Потом опрашивали представителей от союзных республик. На первом месте всегда и везде — Украина. Правда, представитель от Украины, друг Шамякина, выдающийся писатель Михайло Стельмах, перед пленумом мудро уклонился от присутствия на нем, сославшись на здоровье. Следующие по рангу — белорусы. Шамякин встал и сказал, что роман не читал. Кто-то засмеялся. Кто-то выкрикнул: «А кто читал?» Но Сурков выгородил Шамякина, красиво поговорив не о романе, а о чести советского писателя. Затем выступали другие «националы».

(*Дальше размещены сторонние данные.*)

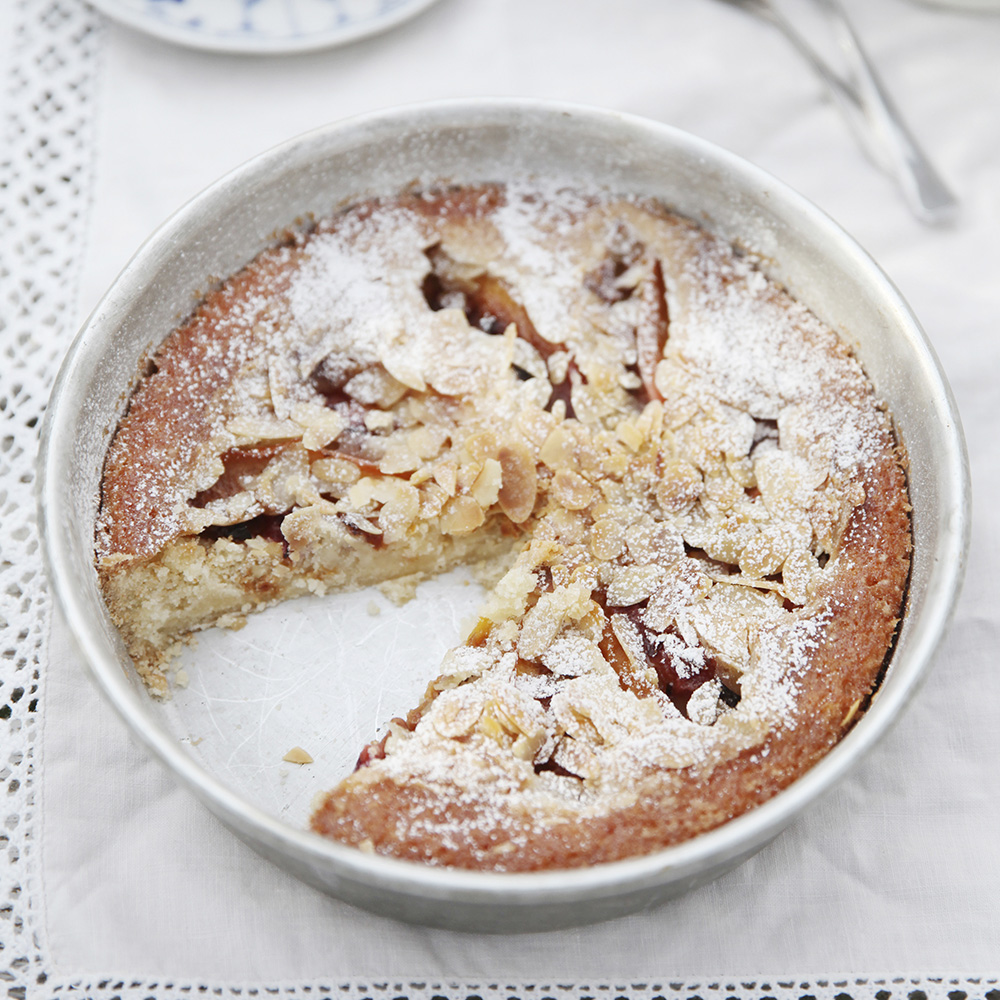 Mandelkaka med nektariner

Кто-то не из великих и знаменитых, а из подпевал и прихлебателей предложил заставить Пастернака отказаться от премии. На том и порешили. Составили комиссию для беседы с Пастернаком, куда вошли маститые, его ровесники, — Алексей Сурков, Константин Симонов, Вадим Кожевников (автор романа и сценария кинофильма «Щит и меч»). Твардовский отказался: мол, он все сказал в своем заключении.

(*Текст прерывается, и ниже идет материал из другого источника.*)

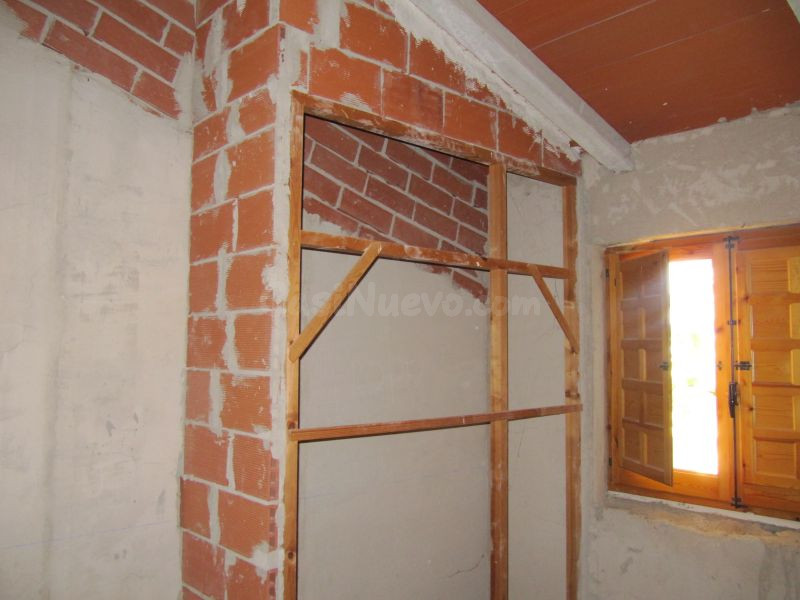 Finca rustica en Salinas con casa semireformada de 300 m2 y  - foto 4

Через несколько дней состоялось общее собрание и в Союзе писателей Белоруссии. Выступал Шамякин — «ведь он имел счастье слушать московских корифеев», как сам пишет с иронией. Данный эпизод в родной организации Иван Петрович вообще описывает с юмором, впрочем, его потаенный смешок все время ощущается и в предыдущем рассказе. На собрании присутствовал сам «великий идеолог» Шауро, потому следующий за Шамякиным оратор — директор Института литературы академик Василий Борисенко — волновался и в своей речи несколько раз вместо «Пастернак» сказал «Пестрак». А Пилип Пестрак сидел тут же, в первом ряду. Пестрак был чудаковат (не диво — одиннадцать лет отсидел в одиночке в польской тюрьме Лукишки), потому зал замер, ожидая его реакцию. Уже после выступления Петруся Бровки, председателя СП Беларуси, Пилип Семенович «не спеша пошел к трибуне со своим до дыр протертым портфелем (шутили, что торба эта — из Лукишек еще), раскрыл портфель, достал какие-то бумаги, нацепил очки — словно испытывал нетерпение слушателей. А сказал одно предложение: «Академикам нужно выступать по писаному», — и пошел с трибуны.
Зал взорвался хохотом. Слова эти стали крылатыми.

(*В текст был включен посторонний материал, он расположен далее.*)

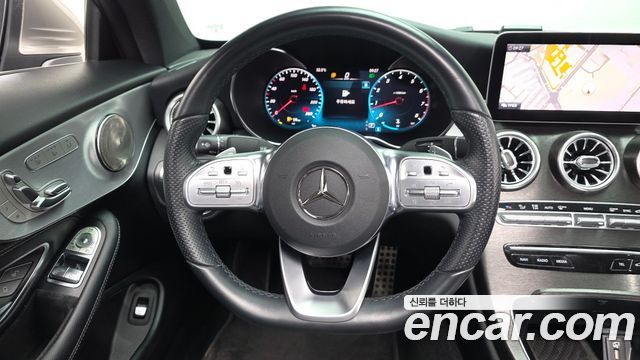 Mercedes-Benz C-Class 2020 — photo 18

Бровка не мог не осведомиться у начальства, как прошло мероприятие, ожидая похвалы. Спросил у Шауро, когда тот в нашем кабинете одевался:
— Ну, как? По-моему, все хорошо.
— Балаган.
Бровка позеленел.
— Этот Пестрак! Василию простительно — он волновался.
— Дело не в них.
А в чем? Разгадать мы так и не смогли, даже с помощью мудреца Глебки, почему такое серьезное обсуждение стало балаганом».